◆ Task
Copy out, unchanged, every line from the start of the records to the line that contains "Una hernia mixta", and stop there.

>>>>

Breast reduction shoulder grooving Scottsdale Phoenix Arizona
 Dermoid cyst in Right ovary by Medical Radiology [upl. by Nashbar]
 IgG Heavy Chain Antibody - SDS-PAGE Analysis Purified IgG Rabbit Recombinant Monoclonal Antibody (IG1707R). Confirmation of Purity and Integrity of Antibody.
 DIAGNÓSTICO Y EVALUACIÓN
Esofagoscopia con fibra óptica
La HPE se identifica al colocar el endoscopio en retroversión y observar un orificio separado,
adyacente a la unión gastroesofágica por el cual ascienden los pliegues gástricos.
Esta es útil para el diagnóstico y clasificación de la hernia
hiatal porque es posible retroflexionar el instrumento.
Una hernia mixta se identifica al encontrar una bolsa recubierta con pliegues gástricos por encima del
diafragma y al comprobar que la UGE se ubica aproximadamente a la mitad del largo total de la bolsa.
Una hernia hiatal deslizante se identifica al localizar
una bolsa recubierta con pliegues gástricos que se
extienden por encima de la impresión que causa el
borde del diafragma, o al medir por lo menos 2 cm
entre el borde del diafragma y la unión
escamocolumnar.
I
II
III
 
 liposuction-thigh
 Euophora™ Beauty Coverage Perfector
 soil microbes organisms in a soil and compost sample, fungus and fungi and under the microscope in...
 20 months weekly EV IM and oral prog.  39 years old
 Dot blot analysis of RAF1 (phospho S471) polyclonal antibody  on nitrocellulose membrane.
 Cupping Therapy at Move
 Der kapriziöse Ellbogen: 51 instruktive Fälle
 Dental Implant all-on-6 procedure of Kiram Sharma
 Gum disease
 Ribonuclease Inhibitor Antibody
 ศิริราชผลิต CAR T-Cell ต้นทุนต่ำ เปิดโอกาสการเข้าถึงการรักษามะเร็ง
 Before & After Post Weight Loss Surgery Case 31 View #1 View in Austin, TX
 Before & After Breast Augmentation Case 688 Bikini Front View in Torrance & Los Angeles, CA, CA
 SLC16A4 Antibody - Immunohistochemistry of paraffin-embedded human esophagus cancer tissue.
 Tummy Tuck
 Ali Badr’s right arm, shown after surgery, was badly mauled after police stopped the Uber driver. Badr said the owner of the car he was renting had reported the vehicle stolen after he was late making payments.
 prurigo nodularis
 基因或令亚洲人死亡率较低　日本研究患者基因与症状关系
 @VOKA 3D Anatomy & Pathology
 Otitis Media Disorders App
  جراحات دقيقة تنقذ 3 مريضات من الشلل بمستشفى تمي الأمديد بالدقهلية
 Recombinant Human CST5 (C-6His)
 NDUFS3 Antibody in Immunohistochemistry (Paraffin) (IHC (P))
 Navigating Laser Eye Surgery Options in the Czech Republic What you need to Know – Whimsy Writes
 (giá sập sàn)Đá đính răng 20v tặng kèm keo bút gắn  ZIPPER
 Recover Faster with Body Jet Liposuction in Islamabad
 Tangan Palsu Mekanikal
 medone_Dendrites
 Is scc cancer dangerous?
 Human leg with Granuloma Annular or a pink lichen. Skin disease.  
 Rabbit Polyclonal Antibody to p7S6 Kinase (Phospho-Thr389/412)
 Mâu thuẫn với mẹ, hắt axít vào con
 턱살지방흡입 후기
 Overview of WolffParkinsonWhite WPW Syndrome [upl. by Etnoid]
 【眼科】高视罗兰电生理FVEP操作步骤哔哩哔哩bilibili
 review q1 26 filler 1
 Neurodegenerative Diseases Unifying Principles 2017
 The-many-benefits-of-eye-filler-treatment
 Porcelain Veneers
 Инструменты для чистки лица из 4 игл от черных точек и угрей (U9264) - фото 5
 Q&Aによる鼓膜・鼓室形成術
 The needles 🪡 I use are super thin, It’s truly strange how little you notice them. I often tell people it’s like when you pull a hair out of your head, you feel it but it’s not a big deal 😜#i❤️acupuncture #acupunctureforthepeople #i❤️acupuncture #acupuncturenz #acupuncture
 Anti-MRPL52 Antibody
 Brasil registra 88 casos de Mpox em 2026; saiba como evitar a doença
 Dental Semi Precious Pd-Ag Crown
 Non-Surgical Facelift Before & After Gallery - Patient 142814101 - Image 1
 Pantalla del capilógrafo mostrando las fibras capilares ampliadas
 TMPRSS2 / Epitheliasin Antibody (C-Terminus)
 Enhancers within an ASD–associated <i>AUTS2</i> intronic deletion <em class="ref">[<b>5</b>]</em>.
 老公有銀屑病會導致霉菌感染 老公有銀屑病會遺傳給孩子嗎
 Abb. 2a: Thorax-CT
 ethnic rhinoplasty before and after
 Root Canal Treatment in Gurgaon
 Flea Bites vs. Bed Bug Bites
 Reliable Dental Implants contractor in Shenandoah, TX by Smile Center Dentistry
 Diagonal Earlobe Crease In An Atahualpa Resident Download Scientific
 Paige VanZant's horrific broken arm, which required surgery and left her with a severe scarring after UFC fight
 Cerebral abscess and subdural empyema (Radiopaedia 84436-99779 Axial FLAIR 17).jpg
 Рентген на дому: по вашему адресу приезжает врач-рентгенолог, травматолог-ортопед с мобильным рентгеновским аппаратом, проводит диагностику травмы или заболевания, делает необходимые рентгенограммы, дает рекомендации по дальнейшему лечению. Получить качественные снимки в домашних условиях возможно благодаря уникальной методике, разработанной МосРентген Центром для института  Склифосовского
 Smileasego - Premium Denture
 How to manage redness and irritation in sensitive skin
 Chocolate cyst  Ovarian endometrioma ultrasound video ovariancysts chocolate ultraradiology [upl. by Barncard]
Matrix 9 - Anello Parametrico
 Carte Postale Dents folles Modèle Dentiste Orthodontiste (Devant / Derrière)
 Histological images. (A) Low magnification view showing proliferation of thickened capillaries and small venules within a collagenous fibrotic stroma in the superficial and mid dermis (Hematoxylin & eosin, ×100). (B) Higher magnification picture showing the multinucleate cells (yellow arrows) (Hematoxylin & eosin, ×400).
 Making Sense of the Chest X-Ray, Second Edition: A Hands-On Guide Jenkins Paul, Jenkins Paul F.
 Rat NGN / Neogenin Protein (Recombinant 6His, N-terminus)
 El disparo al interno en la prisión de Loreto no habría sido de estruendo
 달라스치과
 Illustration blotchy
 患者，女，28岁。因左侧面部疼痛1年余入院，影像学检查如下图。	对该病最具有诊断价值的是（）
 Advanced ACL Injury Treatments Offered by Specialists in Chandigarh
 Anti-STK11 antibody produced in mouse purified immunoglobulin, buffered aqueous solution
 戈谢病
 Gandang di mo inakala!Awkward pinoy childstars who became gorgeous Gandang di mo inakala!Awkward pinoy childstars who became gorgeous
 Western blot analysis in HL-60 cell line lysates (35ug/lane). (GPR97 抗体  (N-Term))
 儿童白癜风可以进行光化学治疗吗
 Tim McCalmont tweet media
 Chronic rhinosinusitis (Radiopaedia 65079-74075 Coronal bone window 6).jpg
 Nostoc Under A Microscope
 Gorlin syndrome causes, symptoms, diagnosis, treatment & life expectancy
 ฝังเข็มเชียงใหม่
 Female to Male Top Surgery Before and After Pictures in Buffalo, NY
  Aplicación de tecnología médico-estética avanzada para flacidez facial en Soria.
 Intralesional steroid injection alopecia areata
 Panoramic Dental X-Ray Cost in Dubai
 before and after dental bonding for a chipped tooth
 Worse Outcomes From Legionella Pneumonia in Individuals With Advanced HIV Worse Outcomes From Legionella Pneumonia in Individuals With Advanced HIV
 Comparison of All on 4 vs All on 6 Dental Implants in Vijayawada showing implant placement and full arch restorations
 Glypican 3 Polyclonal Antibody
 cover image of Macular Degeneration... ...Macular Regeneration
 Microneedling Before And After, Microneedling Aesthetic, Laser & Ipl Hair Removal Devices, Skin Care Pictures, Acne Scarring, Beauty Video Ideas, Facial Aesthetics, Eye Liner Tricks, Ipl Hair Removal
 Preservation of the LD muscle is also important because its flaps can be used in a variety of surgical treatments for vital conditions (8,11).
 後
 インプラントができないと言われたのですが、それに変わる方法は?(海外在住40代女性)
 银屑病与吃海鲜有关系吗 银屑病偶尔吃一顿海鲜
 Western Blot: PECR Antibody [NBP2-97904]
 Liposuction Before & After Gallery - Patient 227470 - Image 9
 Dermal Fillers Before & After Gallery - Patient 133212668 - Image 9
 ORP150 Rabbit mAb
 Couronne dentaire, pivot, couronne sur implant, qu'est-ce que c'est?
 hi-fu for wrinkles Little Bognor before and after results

<<<<

◆ Result for this exercise
Breast reduction shoulder grooving Scottsdale Phoenix Arizona
 Dermoid cyst in Right ovary by Medical Radiology [upl. by Nashbar]
 IgG Heavy Chain Antibody - SDS-PAGE Analysis Purified IgG Rabbit Recombinant Monoclonal Antibody (IG1707R). Confirmation of Purity and Integrity of Antibody.
 DIAGNÓSTICO Y EVALUACIÓN
Esofagoscopia con fibra óptica
La HPE se identifica al colocar el endoscopio en retroversión y observar un orificio separado,
adyacente a la unión gastroesofágica por el cual ascienden los pliegues gástricos.
Esta es útil para el diagnóstico y clasificación de la hernia
hiatal porque es posible retroflexionar el instrumento.
Una hernia mixta se identifica al encontrar una bolsa recubierta con pliegues gástricos por encima del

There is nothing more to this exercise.